Para su retorno al género bélico tras Jarhead (2005), Sam Mendes decidió priorizar el virtuosismo técnico, simulando un falso plano secuencia de 119 minutos de duración (alarde de filmación pocas veces visto con anterioridad a este nivel) a costa de un guión postrado ante las concesiones que demandaba la planificación del rodaje. Inspirada en las historias que su abuelo (testigo en primera persona de la I Guerra Mundial) narraba a Mendes, la trama nos plantea una misión encargada a dos soldados británicos en el norte de Francia, con la cámara acompañándoles de forma permanente como tercer integrante de la aventura.
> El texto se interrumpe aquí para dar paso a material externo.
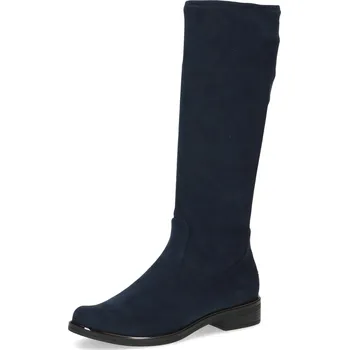 Dámské kozačky DÁMSKÉ KOZAČKY CAPRICE 9-25512-41 868 MODRÁ Barva: MODRÁ, Velikost: 37,5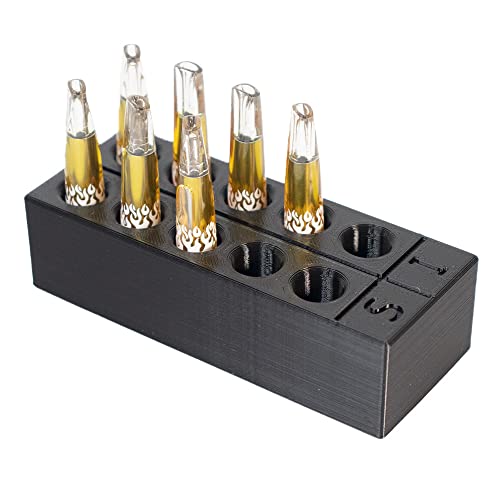 Desk Organizer for 510 Cartridge Holder and Cartidges, Pens, and Pencils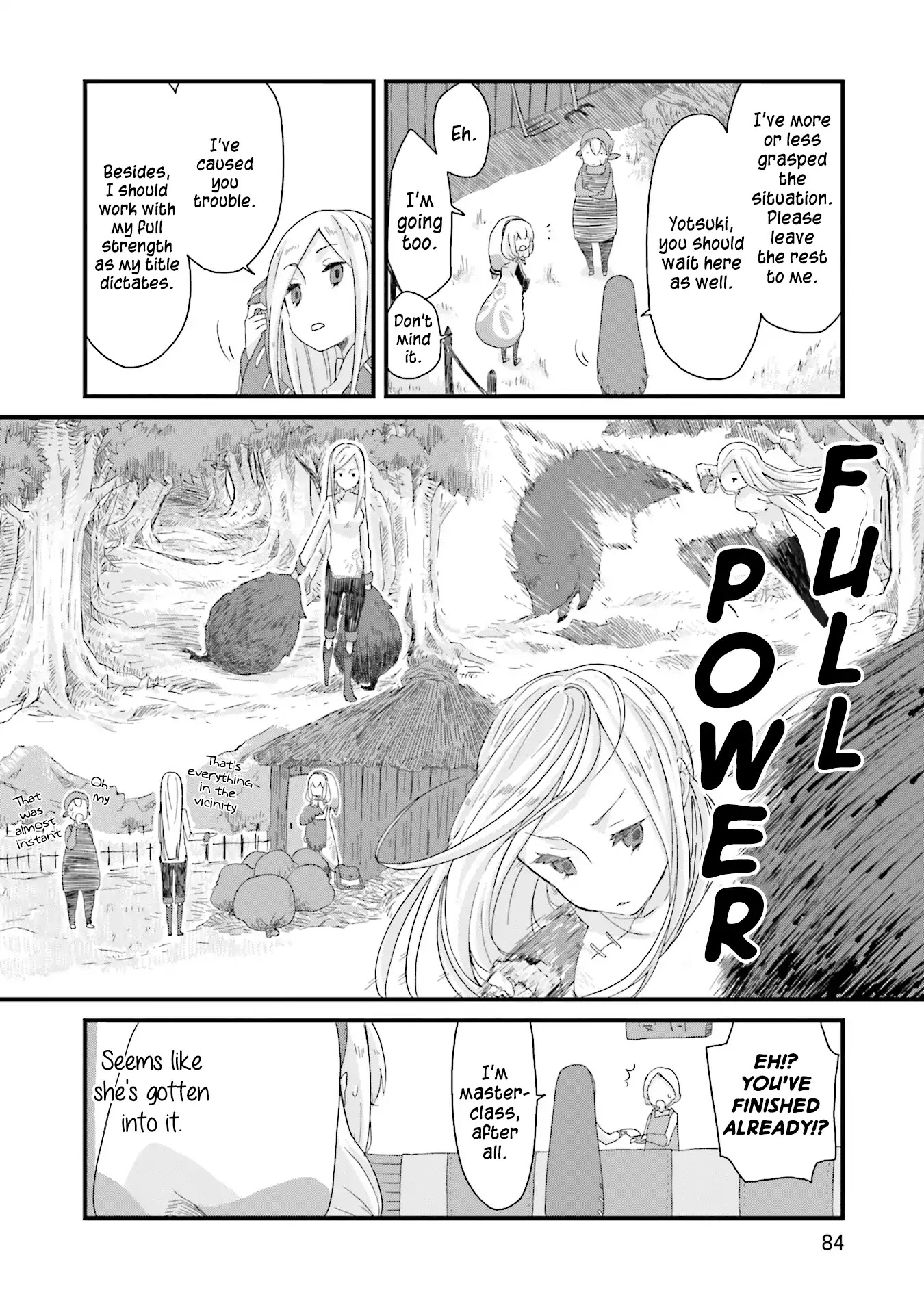 Yotsukoto Chapter 6 page 12 - Chapter 6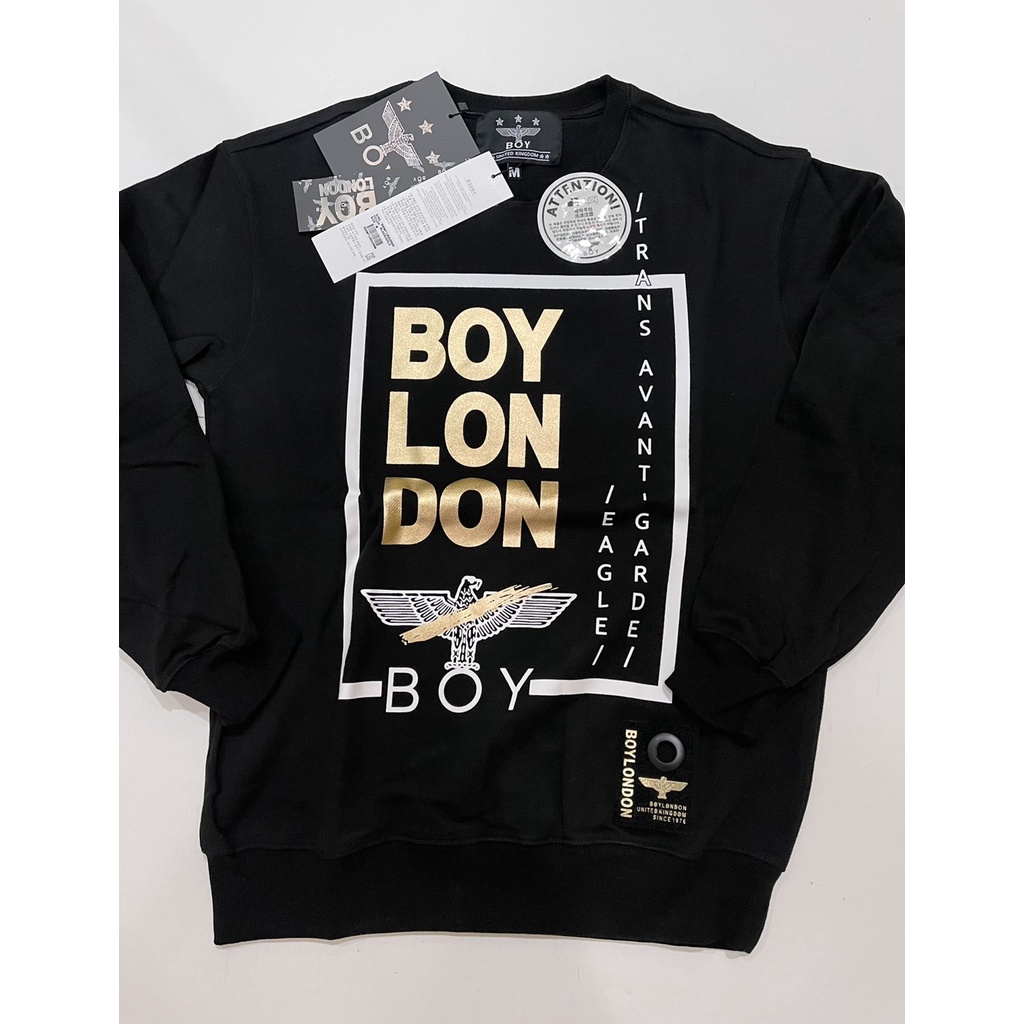 พร้อมส่ง Sale 1799ถูกฝุดๆ เสื้อแขนยาว Boy London ลาย Signature ลายสวย ...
Pero la llamativa apuesta por ese eterno plano secuencia tiene efectos negativos sobre la carga dramática de la narración, dejando a los personajes secundarios en meros hitos presentes en el camino (a la manera de los NPCs de un videojuego), y al bando enemigo directamente en la incomparecencia.

Carcasas sin alma debido al nulo desarrollo.

Todos los derechos reservados a Dreamworks.

Toda la maestría a nivel de dirección, sumada a la colosal fotografía de Roger Deakins y a la banda sonora de Thomas Newman, dibujan un sobresaliente a nivel técnico para un espectáculo frío, desangelado en lo narrativo y que nunca llega a lograr que el espectador empatice con sus personajes (ni siquiera con su protagonista, solventemente interpretado por George MacKay). Y por ahí parece algo discutible la concesión de ese Globo de Oro a Mejor Película Dramática.

Un prodigioso armazón que pasará a la historia por su vaina, pero que no logra camuflar su oquedad interna.